I have a small program, written in C, echo():

/* Read input line and write it back */
void echo() {
    char buf[8];  /* Way too small! */
    gets(buf);
    puts(buf);
}

The corresponding assembly code:

1 echo:
2 pushl %ebp                //Save %ebp on stack
3 movl  %esp, %ebp          
4 pushl %ebx                //Save %ebx
5 subl  $20, %esp           //Allocate 20 bytes on stack
6 leal  -12(%ebp), %ebx     //Compute buf as %ebp-12
7 movl  %ebx, (%esp)        //Store buf at top of stack
8 call  gets                //Call gets
9 movl  %ebx, (%esp)        //Store buf at top of stack
10 call puts                //Call puts
11 addl $20, %esp           //Deallocate stack space
12 popl %ebx                //Restore %ebx
13 popl %ebp                //Restore %ebp
14 ret                      //Return

I have a few questions.

  1. Why does the %esp allocate 20 bytes? The buf is 8 bytes, why the extra 12?

  2. The return address is right above where we pushed %ebp right? (Assuming we draw the stack upside down, where it grows downward) What is the purpose of the old %ebp (which the current %ebp is pointing at, as a result of line 3)?
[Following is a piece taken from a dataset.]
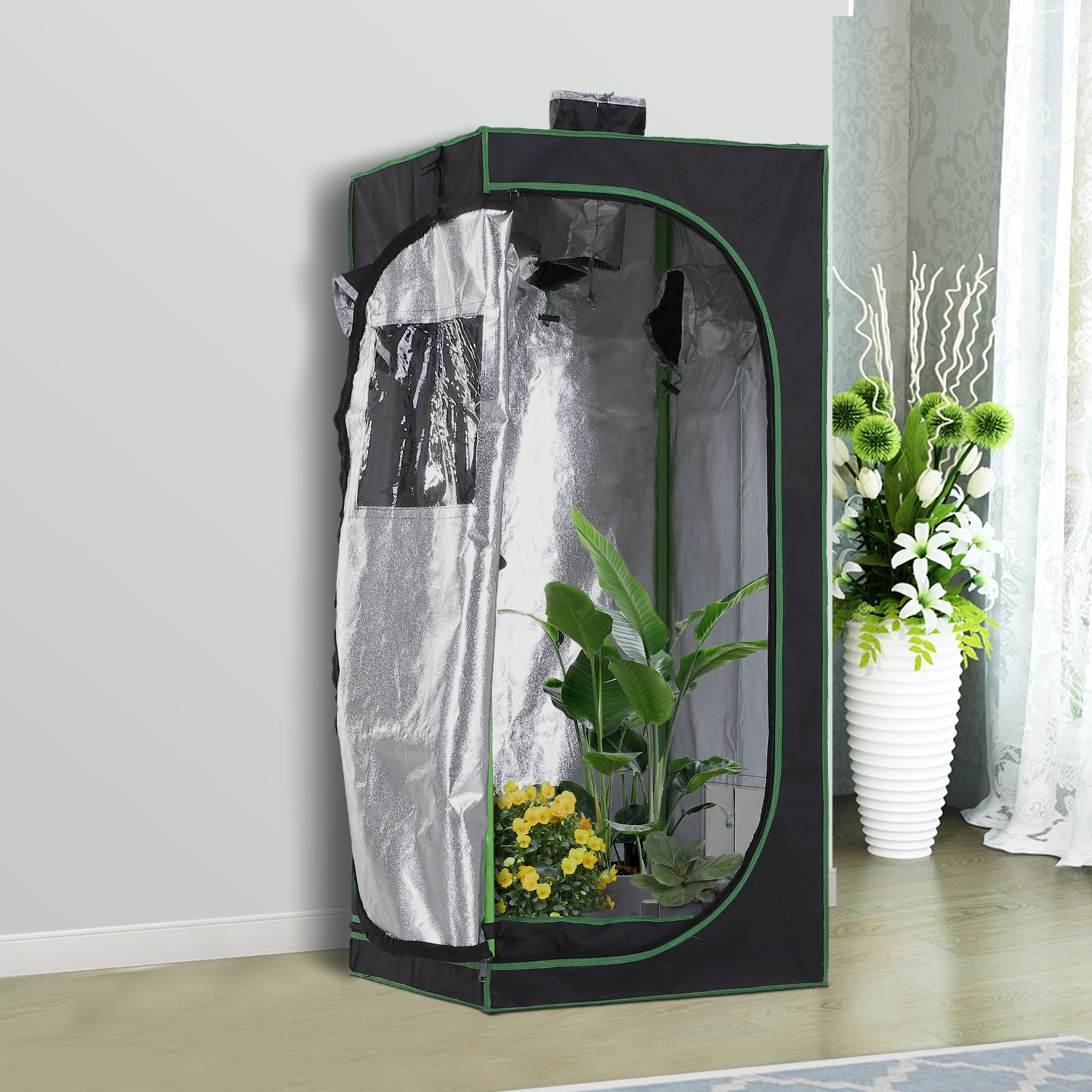 Outsunny Tenda da Coltivazione Idroponica in Mylar e Oxford 600D per Riflettere la Luce grow box grow tenda 60x60x140 cm Aosom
  3. If i want to change the return address (by inputting anything more than 12 bytes), it would change where echo() returns to. What is the consequence of changing the old %ebp (aka 4 bytes before the return address)? Is there any possibility of changing the return address or where echo returns to by just changing the old %ebp?
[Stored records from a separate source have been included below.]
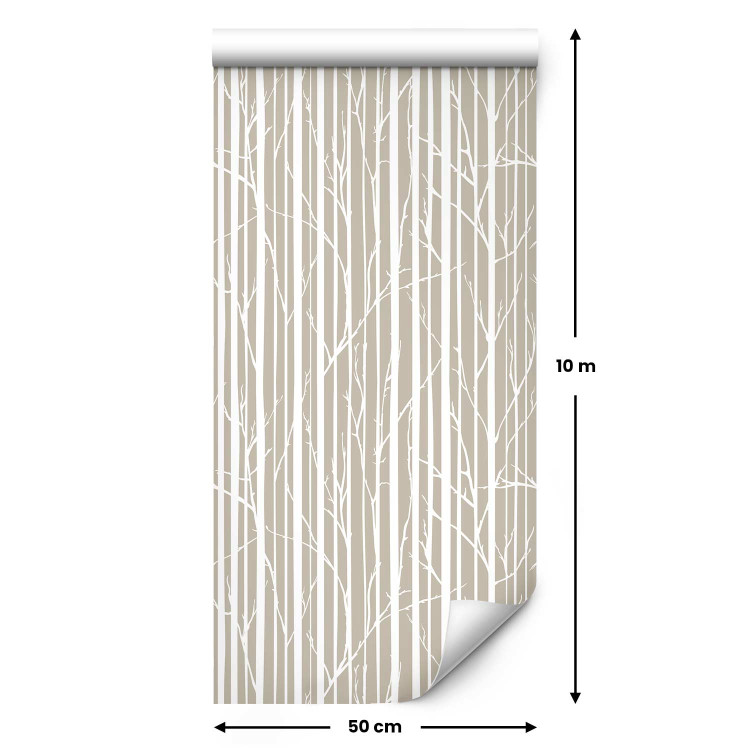 Wallpaper Forest Pattern - White Tree Trunks and Branches on a Beige Background 150035 additionalImage 7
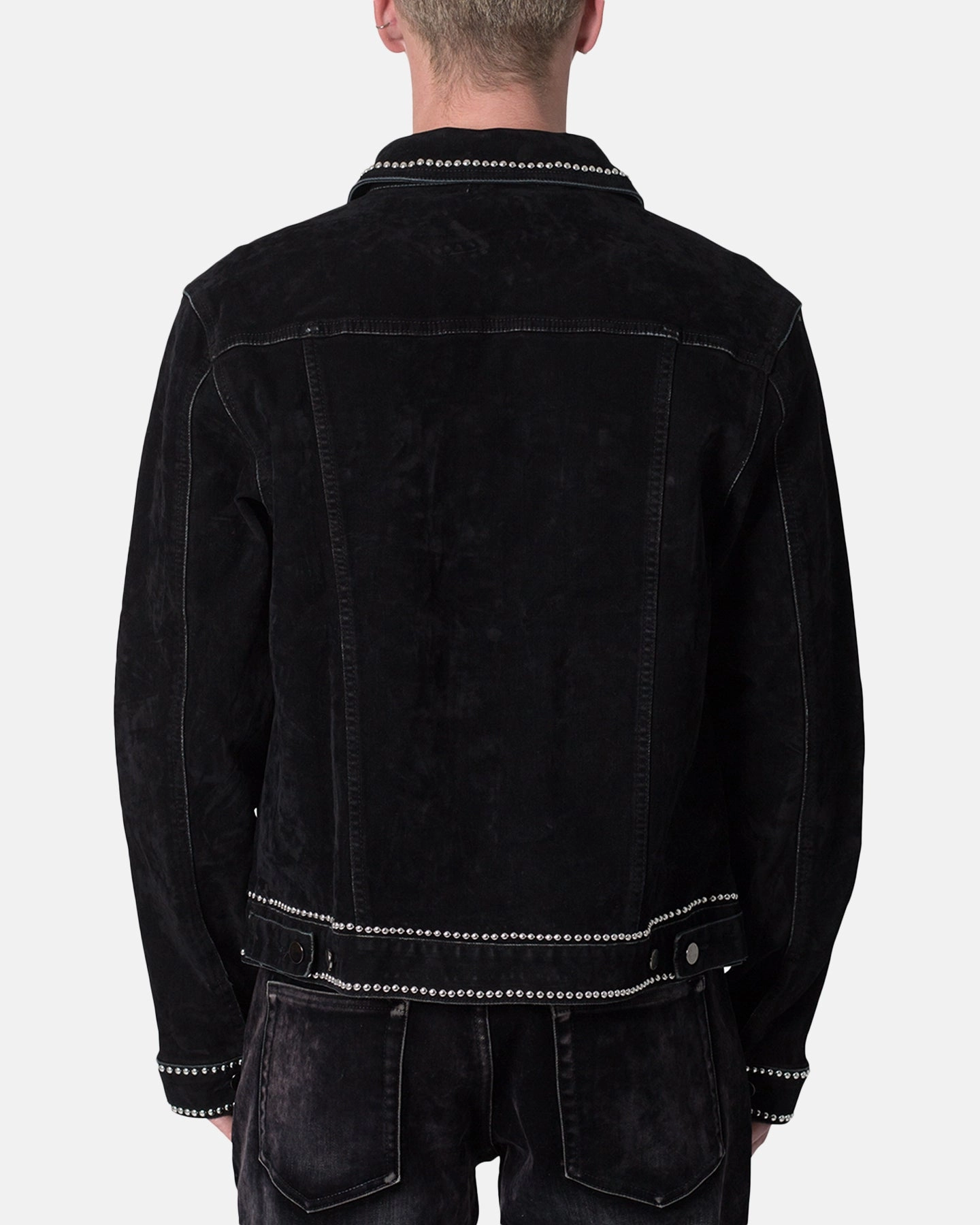 Heat Resistant Layer MNML Studded Suede Denim Jacket Black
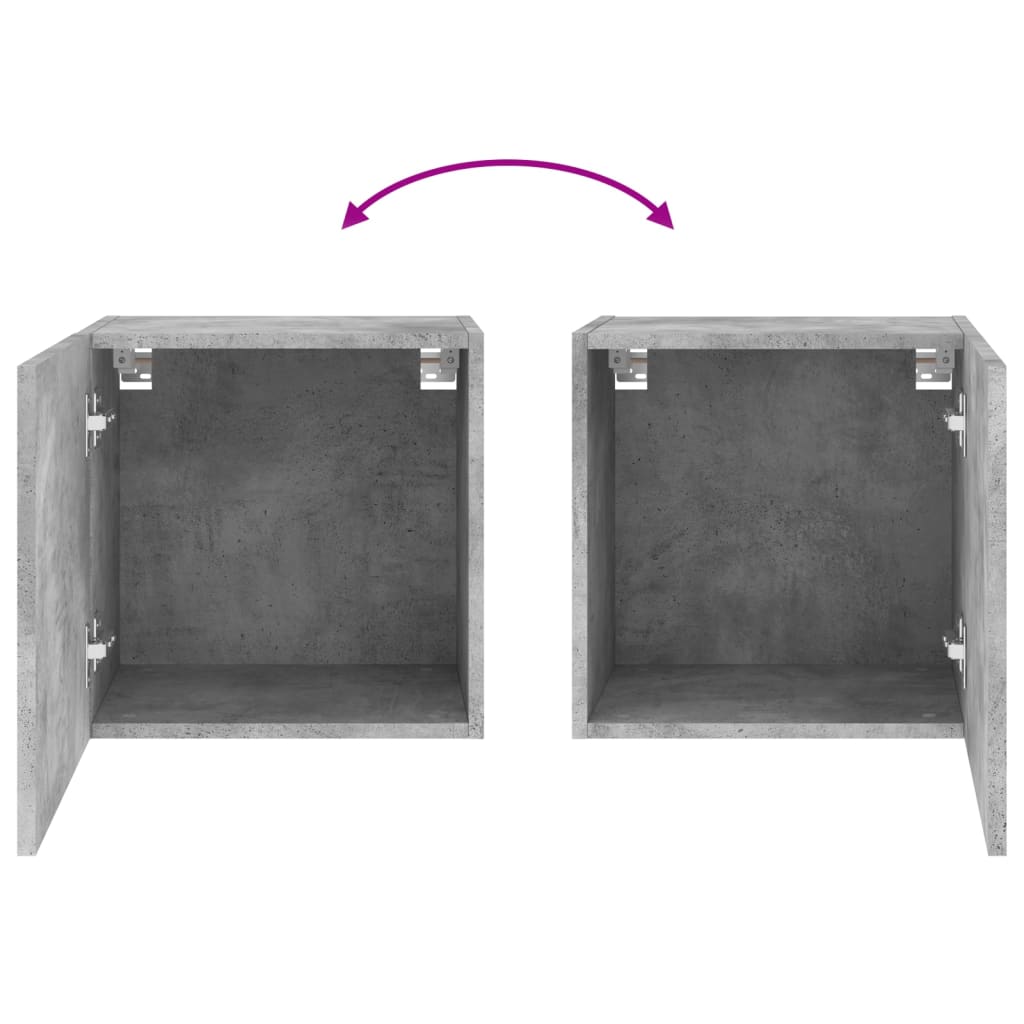 Mobili TV Muro 2pz Grigio Cemento 40,5x30x40 Legno Multistrato | homemem39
  4. What is the purpose of the %ebp? I know its the frame pointer but, what is that?

  5. Is it ever possible for the compiler to put the buffer somewhere that is not right next to where the old %ebp is stored? Like if we declare buf[8] but it stores it at -16(%ebp) instead of -12(%ebp) on line 6?
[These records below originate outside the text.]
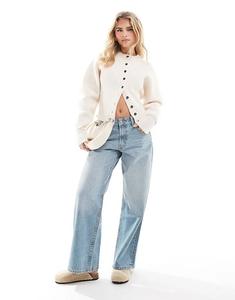 Джинсы-ганги ASOS DESIGN Petite с низкой посадкой, светло-синего цвета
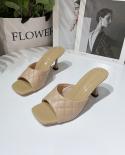 2022 Design Women Slippers Elegant Square Sandaly Toe Thin High Heels Summer Outdoor Beach Shoes Gladiator 65cm Ladies 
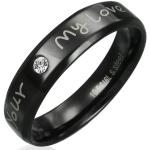 Prstene z chirurgickej ocele Šperky eshop čiernej farby z ocele so zirkónom 54 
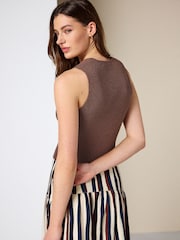 Chocolate Brown Towelling Knit V-Neck Vest Top - Image 4 of 8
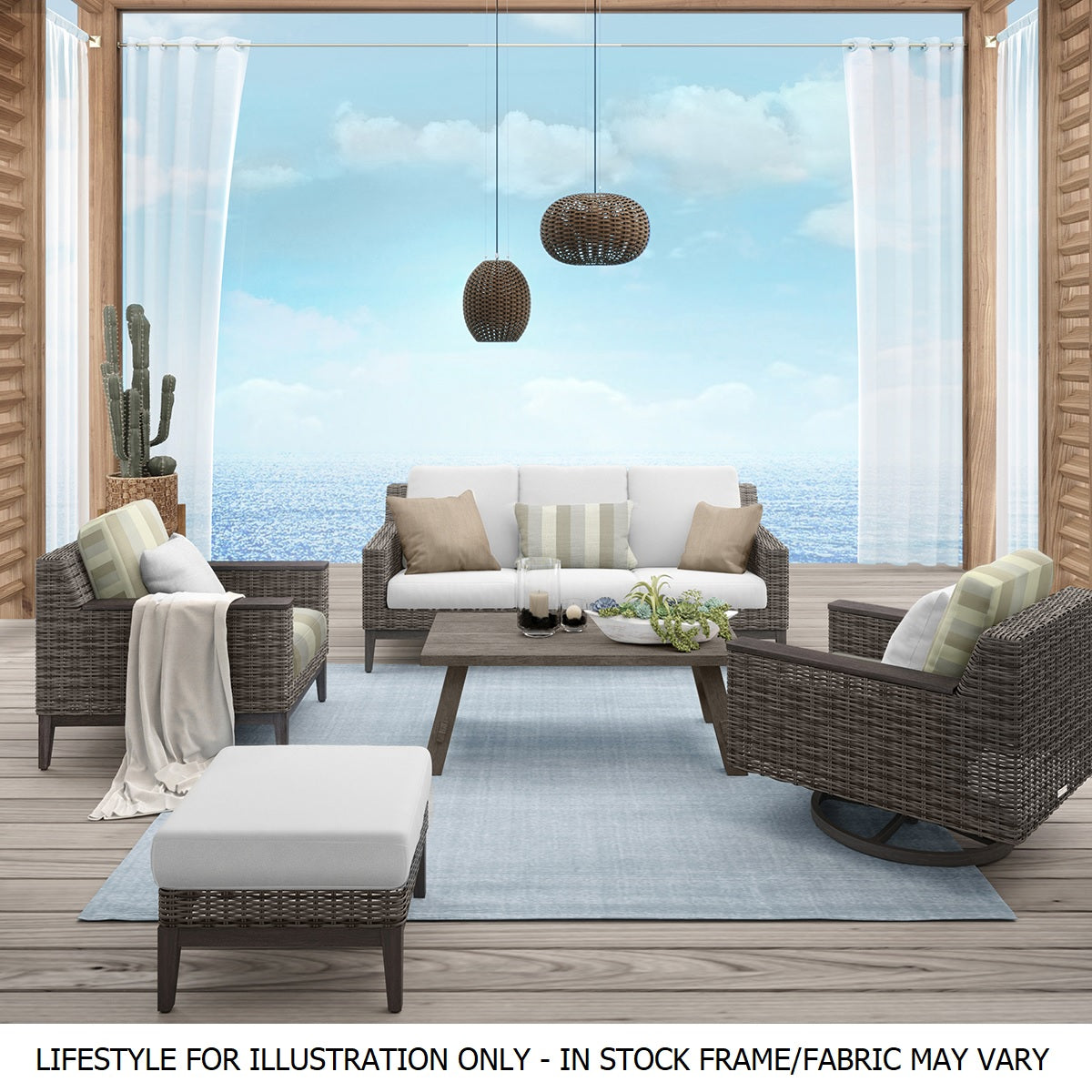 Remy Wicker Cushioned Seating and Chat Set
*c code and assembly copied from Computer Systems - A programmer's Perspective 2nd ed.

** Using gets() because doing buffer overflows


Solution

  • The reason 20 bytes are allocated is for the purpose of stack alignment. GCC 4.5+ generates code that ensures that the callee's local stack space is aligned to a 16-byte boundary, in order to ensure that compiled code can do aligned SSE loads and stores on the stack in a well-defined manner. For that reason, the compiler in this case needs to throw away some stack-space in order to ensure that gets/puts get a properly aligned frame.

    In essence, this is how the stack will look, where each line is a 4-byte word except for --- lines that denote 16-byte address boundaries:

    ...
    Saved EIP from caller
    Saved EBP
    ---
    Saved EBX       # This is where echo's frame starts
    buf
    buf
    Unused
    ---
    Unused
    Parameter to gets/puts
    Saved EIP
    Saved EBP
    ---
    ...             # This is where gets'/puts' frame starts
    

    As you can hopefully see from my fantastic ASCII graphics, if it weren't for the "unused" portions, gets/puts would get an unaligned frame. Do note also, however, that not 12 bytes are unused; 4 of them are reserved for the parameter.

    Is it ever possible for the compiler to put the buffer somewhere that is not right next to where the old %ebp is stored? Like if we declare buf[8] but it stores it at -16(%ebp) instead of -12(%ebp) on line 6?

    Certainly. The compiler is free to organize the stack however it feels like. In order to do buffer overflows predictably, you have to be looking at a specific compiled binary of a program.

    As for what the purpose of EBP is (and thus to answer your questions 2, 3 and 5), please see any introductory text to how the call stack is organized, such as the Wikipedia article.